A 14h00 , comme le téléphone n'a toujours pas sonné , nous
commençons à traverser la capitale de la Sibérie Orientale , toujours
aussi grouillante de circulation . Dès que nous quittons l'enfer urbain
, nous retrouvons un paysage montagnard , mais plutôt alpin maintenant
,car les cimes sont plus hautes et les pentes plus abruptes : j'aide le
camping-car du mieux que je peux en mettant en boite manuelle . La route
serpente beaucoup parmi les sapins, rendant les doublements de camions
hasardeux , d'autant que beaucoup de voitures arrivent en face . Et puis
les semi-remorques russes ne facilitent pas la tache avec leur longueur
démesurée . Nous enjambons ainsi plusieurs petits monts . Vers 15h00 ,
le téléphone nous apprend la bonne nouvelle ; le véhicule est réparé .

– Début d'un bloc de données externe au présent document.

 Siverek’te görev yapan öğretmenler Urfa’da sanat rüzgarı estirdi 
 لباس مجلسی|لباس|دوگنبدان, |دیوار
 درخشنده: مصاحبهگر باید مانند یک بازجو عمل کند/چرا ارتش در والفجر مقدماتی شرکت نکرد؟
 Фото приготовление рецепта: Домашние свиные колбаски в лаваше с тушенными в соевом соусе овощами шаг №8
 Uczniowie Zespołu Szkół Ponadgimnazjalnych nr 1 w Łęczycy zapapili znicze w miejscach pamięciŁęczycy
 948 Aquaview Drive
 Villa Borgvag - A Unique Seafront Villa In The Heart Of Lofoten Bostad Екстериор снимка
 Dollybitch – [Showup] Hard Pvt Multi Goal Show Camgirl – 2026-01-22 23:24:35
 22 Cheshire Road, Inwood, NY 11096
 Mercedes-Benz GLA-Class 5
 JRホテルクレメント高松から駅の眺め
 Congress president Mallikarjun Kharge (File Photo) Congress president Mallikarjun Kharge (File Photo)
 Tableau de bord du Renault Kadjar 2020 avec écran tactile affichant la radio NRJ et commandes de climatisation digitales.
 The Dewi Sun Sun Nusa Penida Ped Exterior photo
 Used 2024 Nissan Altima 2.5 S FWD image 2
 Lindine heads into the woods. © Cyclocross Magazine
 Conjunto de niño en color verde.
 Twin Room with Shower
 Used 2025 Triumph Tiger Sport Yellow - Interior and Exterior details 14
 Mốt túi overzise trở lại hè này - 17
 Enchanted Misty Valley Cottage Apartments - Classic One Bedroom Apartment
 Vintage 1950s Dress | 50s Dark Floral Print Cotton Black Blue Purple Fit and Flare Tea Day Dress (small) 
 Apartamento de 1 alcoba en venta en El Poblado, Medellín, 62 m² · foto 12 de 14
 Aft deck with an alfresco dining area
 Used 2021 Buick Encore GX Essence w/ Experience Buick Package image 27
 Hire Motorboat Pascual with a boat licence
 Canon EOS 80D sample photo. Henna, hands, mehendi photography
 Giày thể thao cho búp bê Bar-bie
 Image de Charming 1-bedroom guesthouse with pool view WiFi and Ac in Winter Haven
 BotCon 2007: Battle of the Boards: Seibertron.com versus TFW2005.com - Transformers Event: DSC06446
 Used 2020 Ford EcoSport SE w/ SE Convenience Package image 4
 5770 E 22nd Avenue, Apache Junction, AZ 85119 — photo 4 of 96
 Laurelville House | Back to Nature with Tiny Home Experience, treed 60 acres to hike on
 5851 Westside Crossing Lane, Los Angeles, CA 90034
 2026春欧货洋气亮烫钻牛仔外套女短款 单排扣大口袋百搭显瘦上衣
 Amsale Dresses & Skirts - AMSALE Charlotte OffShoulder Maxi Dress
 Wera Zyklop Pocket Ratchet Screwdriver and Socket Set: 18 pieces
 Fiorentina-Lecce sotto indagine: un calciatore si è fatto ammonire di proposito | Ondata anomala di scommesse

Aussitôt nous optons pour une pause casse-croûte , histoire de leur
permettre de rattraper une partie de leur retard . Après une difficile
recherche dans le secteur , nous finissons par trouver un affreux
parking poussiéreux à souhait . Une fois installés au fond de celui-ci
sur une vieille dalle , derrière une palissade , nous nous rendons
compte qu'il s'agit d'une station service encore en activité !! Il ne
nous reste plus qu'à riper un peu sur quelques dizaines de mètres ,
histoire de rester en bon terme avec les voisins !
Vers 16h00 nous reprenons notre traversée de la chaine
montagneuse pour enfin descendre sur les bords du Baïkal : ici la route
offre de magnifiques points de vue sur le lac . Dommage que nous ayons
le soleil de face et que bien souvent le panorama se cache derrière de
hautes rangées d'arbres . Une fois parvenus au niveau de l'eau , nous
suivons la berge en compagnie du Transsibérien ,omniprésent , qui
contourne aussi le lac par le sud . Nous arrivons au campement en même
temps que Serge et Marie-Do qui , en forçant un peu sur la mécanique ,
ont réussi à nous rattraper . Et comme les heureux événements n'arrivent
jamais seul , à la sortie du petit chemin de terre qui nous mène au
camping , nous avons la surprise d'être sur une plage , au bord du
Baïkal ,et au soleil couchant de surcroît .
Une happy end que nous accompagnons d'un solide apéro bien mérité !!